The pace at which it moves on liberalisation could also be tied to specific targets that it has announced.
“Shanghai has set a target to become an International Financial Centre by 2020 the Rmb’s free convertibility will be a cornerstone of this development. This is because by definition, you can’t be an international financial centre without a convertible currency. The fact that the state government has reaffirmed the date of 2020 for Shanghai to be an international financial centre is very important. Rmb internationalisation is occurring most rapidly in East Asia and Southeast Asia. The intra-Asian trade, especially where China is the buyer, is very important in terms of accelerating liberalisation. It is usually the buyer who decides the currency of a transaction,” highlighted Yorke.
While the Rmb continues to rise in terms of world ranking among all international currencies, offshore and cross-border usage remains relatively low. Looking at recent industry surveys in terms of Rmb usage, it substantiates those opinions that corporate demand for cross-border Rmb remains low despite the high level of dialogue around the Rmb. The general consensus is that China is committed to internationalising the Rmb. The gap between dialogue and usage can be narrowed by better market advocacy. PBoC has implemented many pilot programmes to test the market before the launch of any scheme to the public. Many corporates understand the “why” but not the “how” in using Rmb, as there are many internal and external practical challenges such as accounting standards to overcome.
“The government continues to make statements and take actions that indicate their commitment, but it is still very closely tied to the impact to the economy of China. They are very intent in managing appropriate levels of inflation and GDP growth and are conscious of capital inflows and outflows that will dictate how liberal they make Rmb in the near term,” added DiCocco.
According to Lim, the Rmb is emerging to be a significant contender in the world of trade settlement currencies that is now dominated by the US dollar and the euro. Looking at China over the last 20 years, the expansion in China’s exports has allowed the Rmb to be more internationally utilised as a means of trade settlement. Additionally, the recent shift in financial focus through China’s political reform will signify a more deregulated Rmb that allows foreign investors and corporations to increase their trades in the Rmb market.

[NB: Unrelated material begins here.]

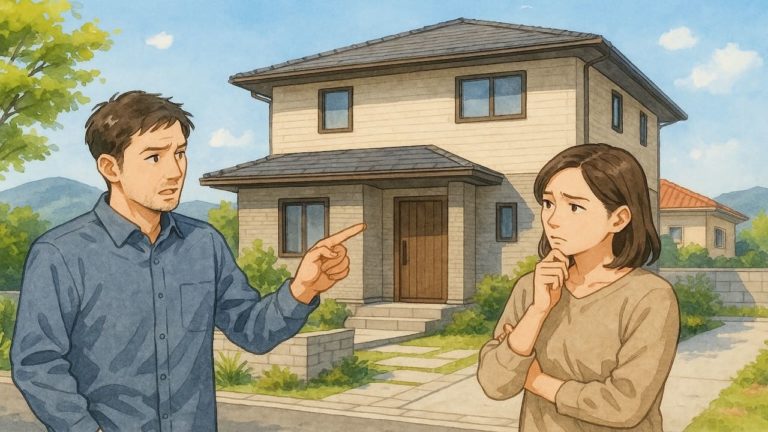 島根県で夫婦が外構業者の選び方と探し方を考えているイメージ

“From a transactional banking point of view, it is imperative that we implement systems and products that suit the requirements and demands of the Rmb revolution, especially with the increase in popularity of Rmb outside China,” she surmised.
Emerging trade corridors
China’s influence on trade extends beyond the immediate region; it is also driving the emergence of new inter-regional trade corridors.
“Geographically, trade corridors between Asia, Middle East and Africa are growing primarily on the back of foreign direct investment that countries such as China are providing to African nations, and to a certain extent, Middle Eastern countries,” said Yorke.
And that is creating business flow for banks in Asia. DBS, for example has seen a lot of trade activities between Asia-Africa and Asia-Latin America, more so than the Middle East.
“While our strategic focus and expertise is within Asia, we recognise the potential in this space, and hence, work closely with our clients to complement the services provided by their banks in these markets to meet their transactional banking needs,” said Lim.